Cohen Elisheva, Kessler David A, Levine Herbert
Department of Physics, Bar-Ilan University, Ramat-Gan, IL52900 Israel.
Phys Rev Lett. 2005 Apr 22;94(15):158302. doi: 10.1103/PhysRevLett.94.158302. Epub 2005 Apr 20.
We introduce and study a new class of fronts in finite particle-number reaction-diffusion systems, corresponding to propagating up a reaction-rate gradient. We show that these systems have no traditional mean-field limit, as the nature of the long-time front solution in the stochastic process differs essentially from that obtained by solving the mean-field deterministic reaction-diffusion equations.

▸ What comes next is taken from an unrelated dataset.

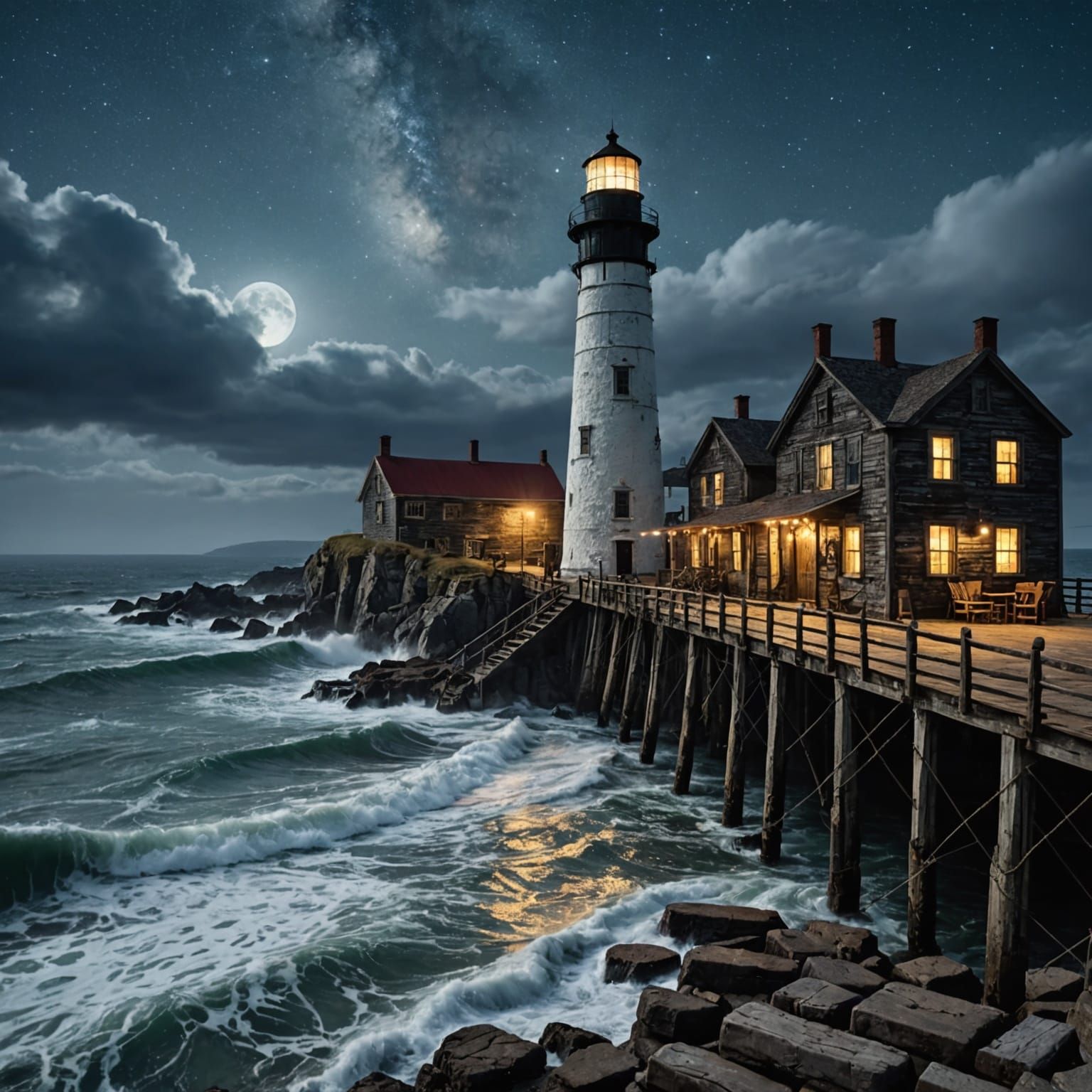 Weather-Beaten Tavern on Wharf Under Galaxy Sky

Instead, one can incorporate some aspects of the fluctuations via introducing a density cutoff. Using this method, we derive analytic expressions for the front velocity dependence on bulk particle density and show self-consistently why this cutoff approach can get the correct leading-order physics.
我们引入并研究了有限粒子数反应扩散系统中的一类新前沿,它对应于沿着反应速率梯度向上传播。我们表明,这些系统没有传统的平均场极限,因为随机过程中长时间前沿解的性质与通过求解平均场确定性反应扩散方程得到的解本质上不同。相反,通过引入密度截止,可以纳入涨落的一些方面。利用这种方法,我们推导出前沿速度对体粒子密度的依赖关系的解析表达式,并自洽地说明了为什么这种截止方法能够得到正确的主导阶物理。